## Task statement:
Word for word, restate the lines of the data below between those holding "107 - 65 Yorkland" and "60 Postmaster Drive, Kitchener, Ontario", inclusive; pictures do not belong in the copy.

## Dataset excerpts:
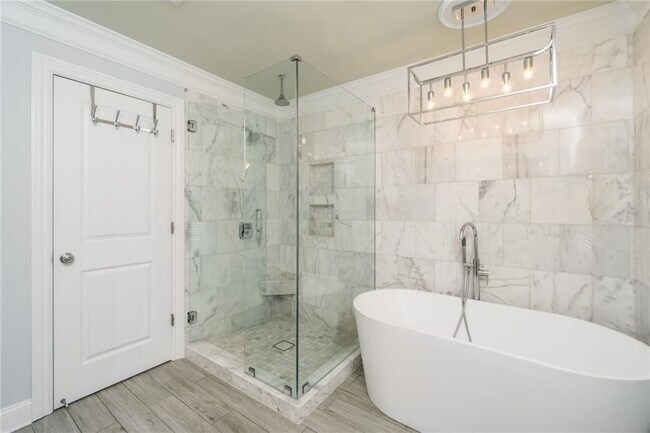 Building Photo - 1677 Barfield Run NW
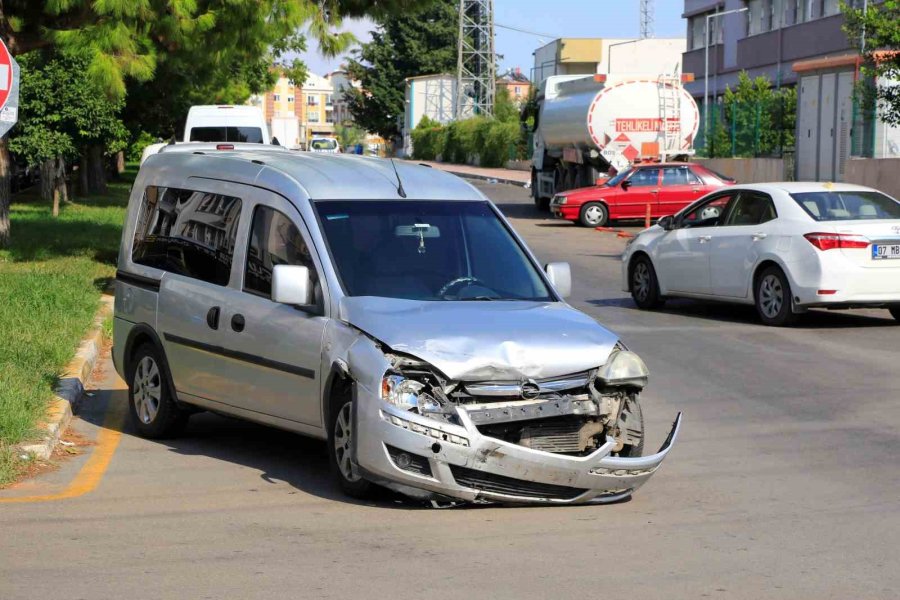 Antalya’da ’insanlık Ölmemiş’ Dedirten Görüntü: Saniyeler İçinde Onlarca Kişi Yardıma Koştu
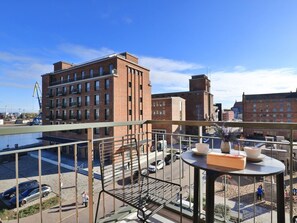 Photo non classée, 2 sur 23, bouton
--
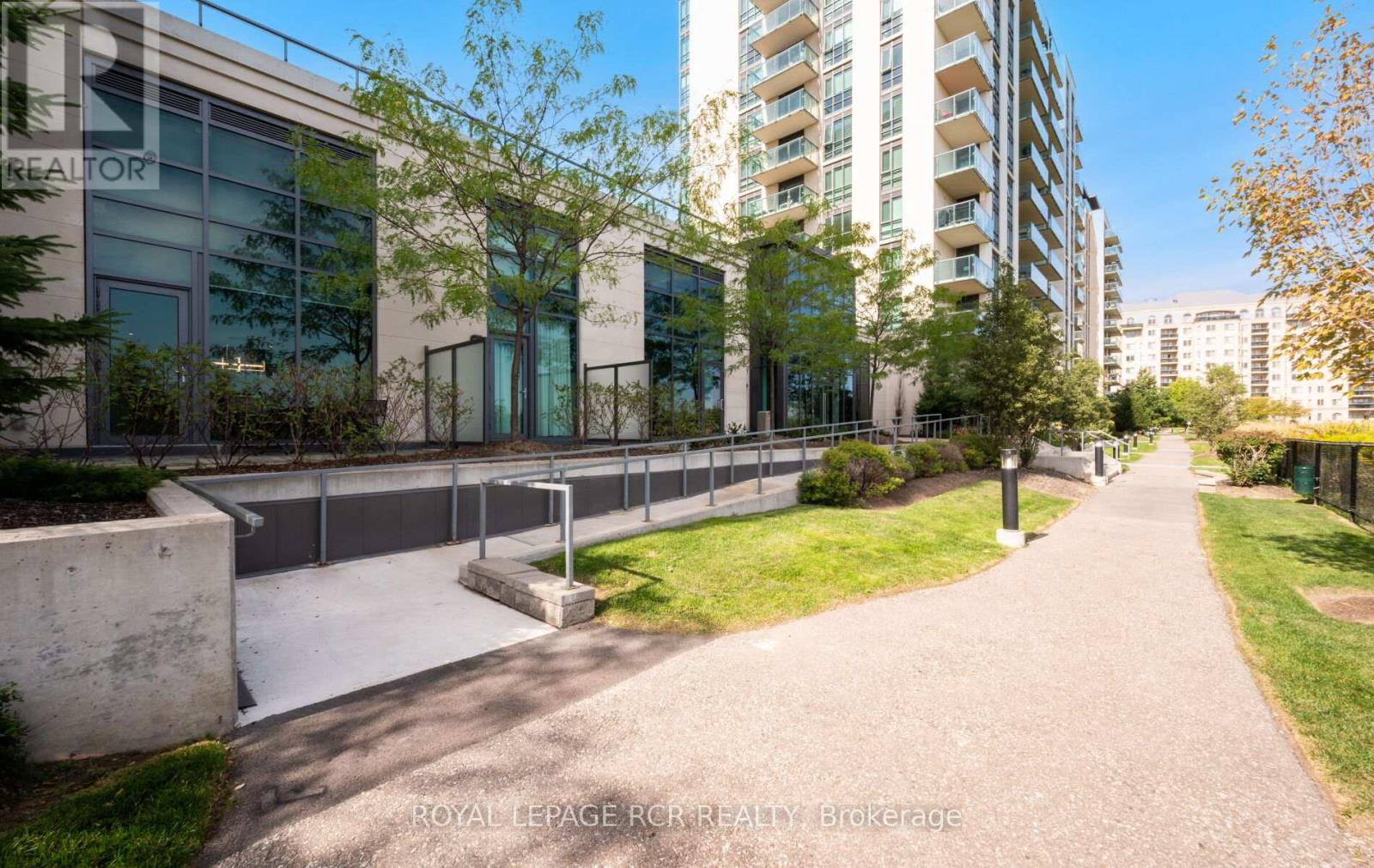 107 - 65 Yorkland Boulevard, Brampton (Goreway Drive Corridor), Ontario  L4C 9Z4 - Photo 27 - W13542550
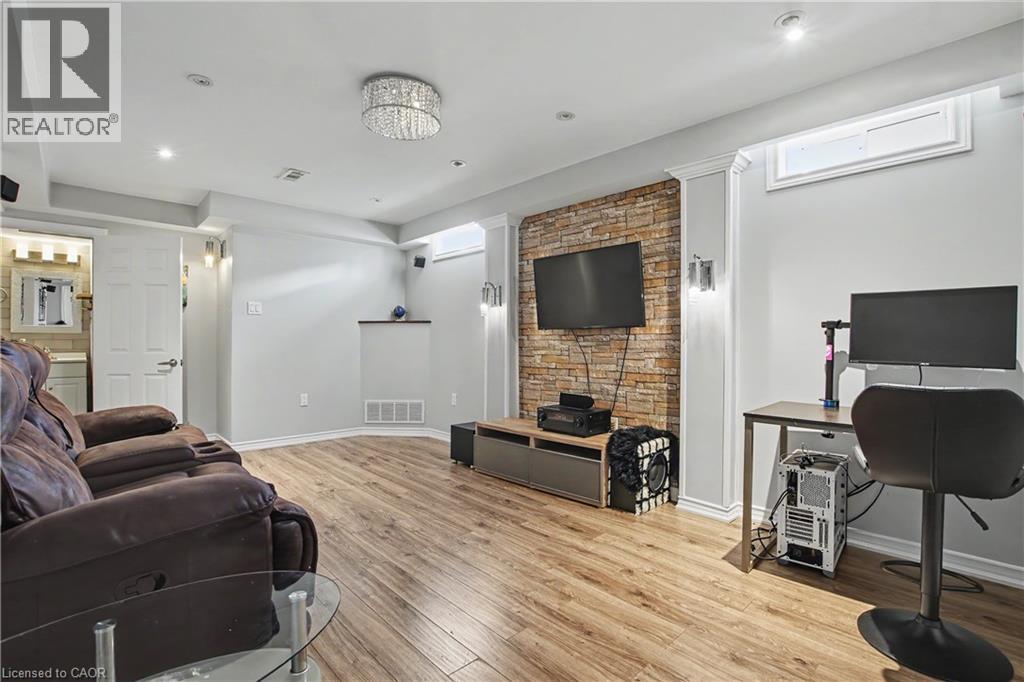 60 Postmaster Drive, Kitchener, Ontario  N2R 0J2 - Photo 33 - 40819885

## Response:
 107 - 65 Yorkland Boulevard, Brampton (Goreway Drive Corridor), Ontario  L4C 9Z4 - Photo 27 - W13542550
 60 Postmaster Drive, Kitchener, Ontario  N2R 0J2 - Photo 33 - 40819885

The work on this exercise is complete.